**TASK REQUIREMENTS**. Look below for the lines from the one with "Augmentation du drainage" to the one with "Kay Crisp was", and copy exactly those lines, both ends included.

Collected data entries
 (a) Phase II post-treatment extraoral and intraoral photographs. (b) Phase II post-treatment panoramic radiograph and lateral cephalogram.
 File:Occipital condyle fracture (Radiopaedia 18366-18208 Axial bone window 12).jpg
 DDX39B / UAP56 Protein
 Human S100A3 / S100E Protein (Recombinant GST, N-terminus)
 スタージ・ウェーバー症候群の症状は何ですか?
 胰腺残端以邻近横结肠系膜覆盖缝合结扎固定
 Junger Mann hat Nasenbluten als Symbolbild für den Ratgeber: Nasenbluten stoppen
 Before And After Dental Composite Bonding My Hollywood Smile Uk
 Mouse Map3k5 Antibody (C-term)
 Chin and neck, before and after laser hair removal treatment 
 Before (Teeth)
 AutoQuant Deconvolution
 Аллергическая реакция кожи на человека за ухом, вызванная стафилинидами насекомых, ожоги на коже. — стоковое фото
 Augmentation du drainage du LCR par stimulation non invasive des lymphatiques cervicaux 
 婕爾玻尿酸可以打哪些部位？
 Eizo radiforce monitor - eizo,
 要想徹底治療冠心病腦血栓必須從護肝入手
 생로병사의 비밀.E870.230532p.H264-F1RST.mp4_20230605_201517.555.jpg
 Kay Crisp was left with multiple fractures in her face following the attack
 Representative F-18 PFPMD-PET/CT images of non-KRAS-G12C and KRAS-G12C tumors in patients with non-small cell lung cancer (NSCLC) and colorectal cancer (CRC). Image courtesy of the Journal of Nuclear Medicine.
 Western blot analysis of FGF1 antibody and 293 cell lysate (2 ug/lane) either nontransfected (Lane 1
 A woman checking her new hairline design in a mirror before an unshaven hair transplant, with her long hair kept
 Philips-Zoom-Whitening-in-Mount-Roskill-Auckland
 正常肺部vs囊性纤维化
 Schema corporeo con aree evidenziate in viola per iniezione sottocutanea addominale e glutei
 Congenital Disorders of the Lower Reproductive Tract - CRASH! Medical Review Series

**EXERCISE RESULT**.
 Augmentation du drainage du LCR par stimulation non invasive des lymphatiques cervicaux 
 婕爾玻尿酸可以打哪些部位？
 Eizo radiforce monitor - eizo,
 要想徹底治療冠心病腦血栓必須從護肝入手
 생로병사의 비밀.E870.230532p.H264-F1RST.mp4_20230605_201517.555.jpg
 Kay Crisp was left with multiple fractures in her face following the attack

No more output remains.